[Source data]
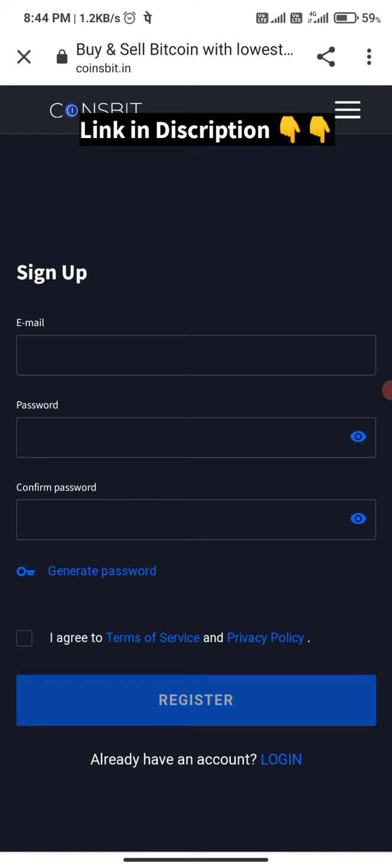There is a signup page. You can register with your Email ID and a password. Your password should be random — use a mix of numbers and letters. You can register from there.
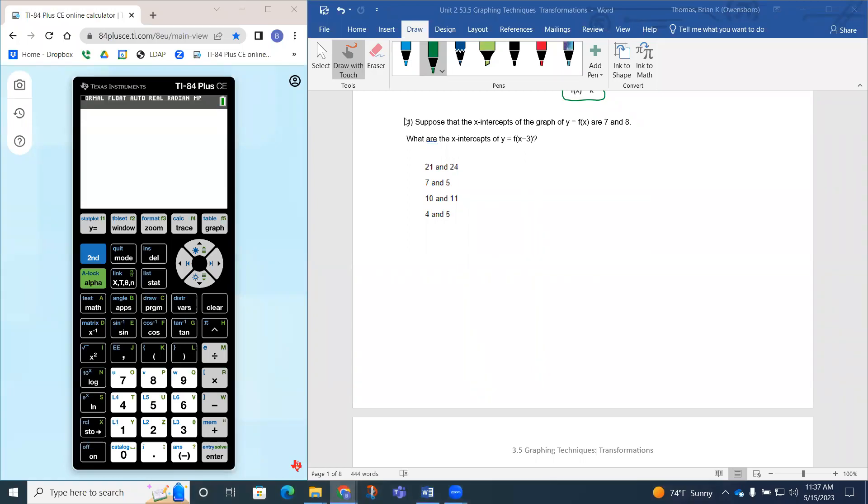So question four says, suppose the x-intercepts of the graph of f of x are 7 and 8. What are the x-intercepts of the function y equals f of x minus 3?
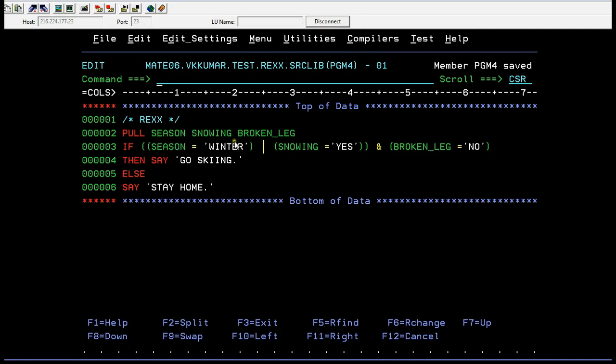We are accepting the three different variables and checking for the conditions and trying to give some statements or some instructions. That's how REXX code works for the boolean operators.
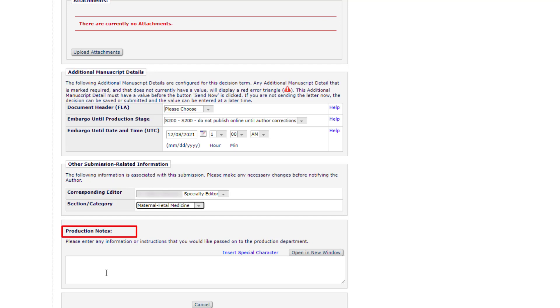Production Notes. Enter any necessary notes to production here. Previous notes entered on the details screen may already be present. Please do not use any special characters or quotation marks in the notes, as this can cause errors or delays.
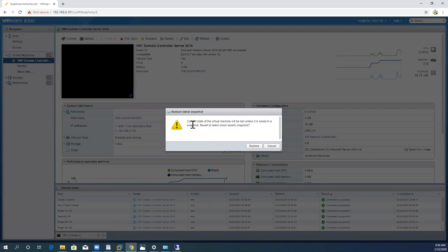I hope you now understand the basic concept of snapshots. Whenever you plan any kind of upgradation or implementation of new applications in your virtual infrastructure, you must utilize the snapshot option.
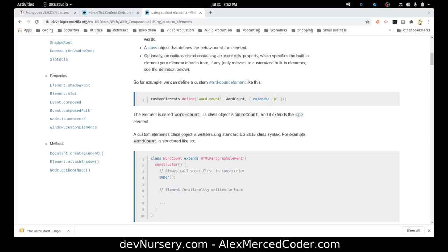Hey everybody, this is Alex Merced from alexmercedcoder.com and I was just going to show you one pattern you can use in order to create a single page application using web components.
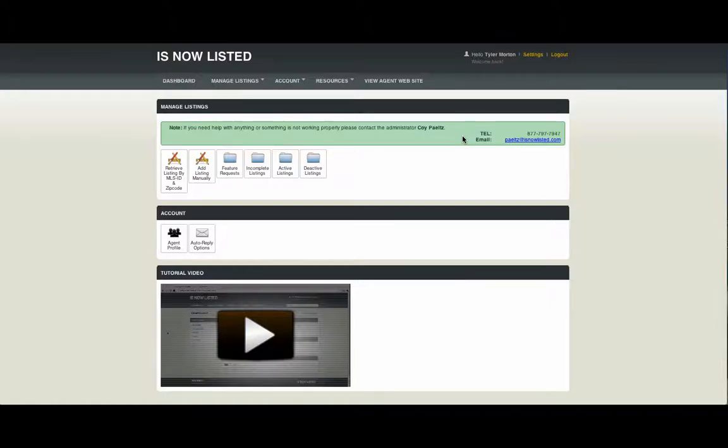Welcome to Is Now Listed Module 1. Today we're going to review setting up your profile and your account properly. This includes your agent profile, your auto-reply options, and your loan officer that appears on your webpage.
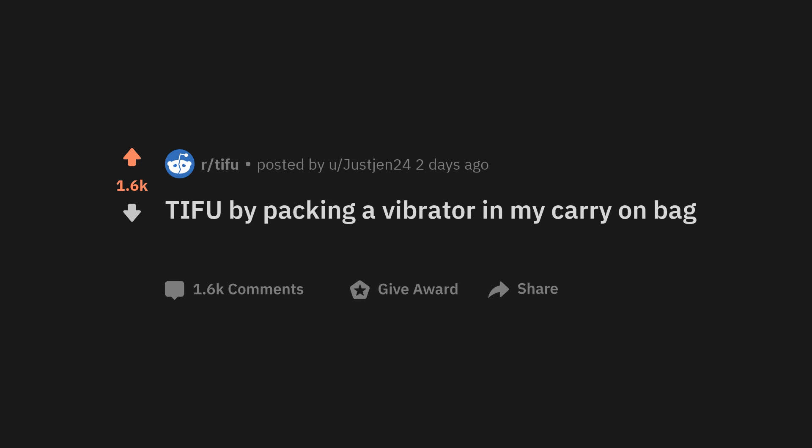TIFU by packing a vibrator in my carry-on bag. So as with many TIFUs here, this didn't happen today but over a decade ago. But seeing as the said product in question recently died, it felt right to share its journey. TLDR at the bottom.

_Exercise_
Only an exact, picture-free copy of the entries counts as the answer.

_Response_
There is a signup page. You can register with your Email ID and a password. Your password should be random — use a mix of numbers and letters. You can register from there.
So question four says, suppose the x-intercepts of the graph of f of x are 7 and 8. What are the x-intercepts of the function y equals f of x minus 3?
We are accepting the three different variables and checking for the conditions and trying to give some statements or some instructions. That's how REXX code works for the boolean operators.
Production Notes. Enter any necessary notes to production here. Previous notes entered on the details screen may already be present. Please do not use any special characters or quotation marks in the notes, as this can cause errors or delays.
I hope you now understand the basic concept of snapshots. Whenever you plan any kind of upgradation or implementation of new applications in your virtual infrastructure, you must utilize the snapshot option.
Hey everybody, this is Alex Merced from alexmercedcoder.com and I was just going to show you one pattern you can use in order to create a single page application using web components.
Welcome to Is Now Listed Module 1. Today we're going to review setting up your profile and your account properly. This includes your agent profile, your auto-reply options, and your loan officer that appears on your webpage.
TIFU by packing a vibrator in my carry-on bag. So as with many TIFUs here, this didn't happen today but over a decade ago. But seeing as the said product in question recently died, it felt right to share its journey. TLDR at the bottom.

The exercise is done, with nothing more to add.